▸ **Required action**:
In the material below, find the line with "OG Natural Exfolia Ubtan Foaming Face Wash" and the line with "8632 Thicket Ridge Street". Output exactly those two lines and all lines between them, leaving out pictures.

▸ **Data listing**:

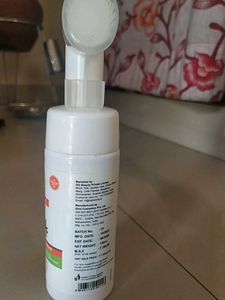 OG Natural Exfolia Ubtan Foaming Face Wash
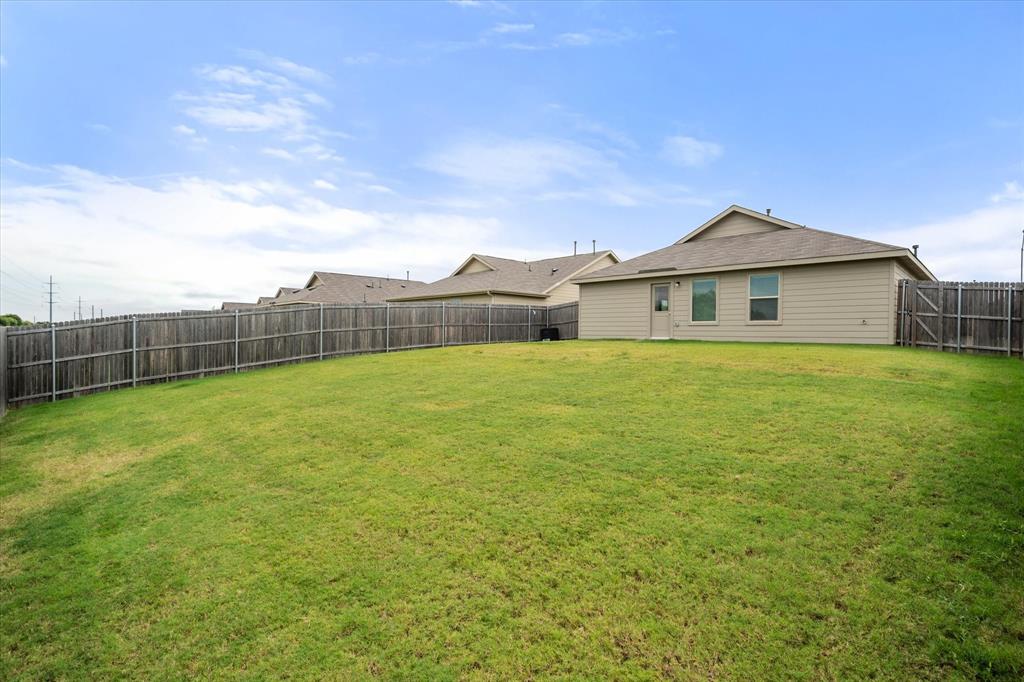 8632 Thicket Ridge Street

--

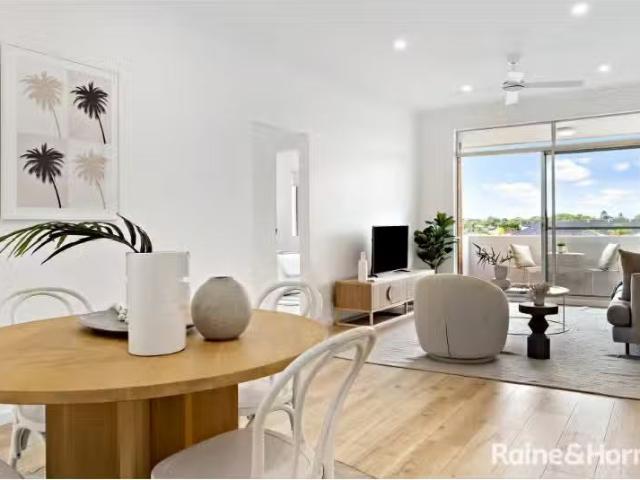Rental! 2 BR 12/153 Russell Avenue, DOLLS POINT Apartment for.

▸ **Result for this exercise**:
 OG Natural Exfolia Ubtan Foaming Face Wash
 8632 Thicket Ridge Street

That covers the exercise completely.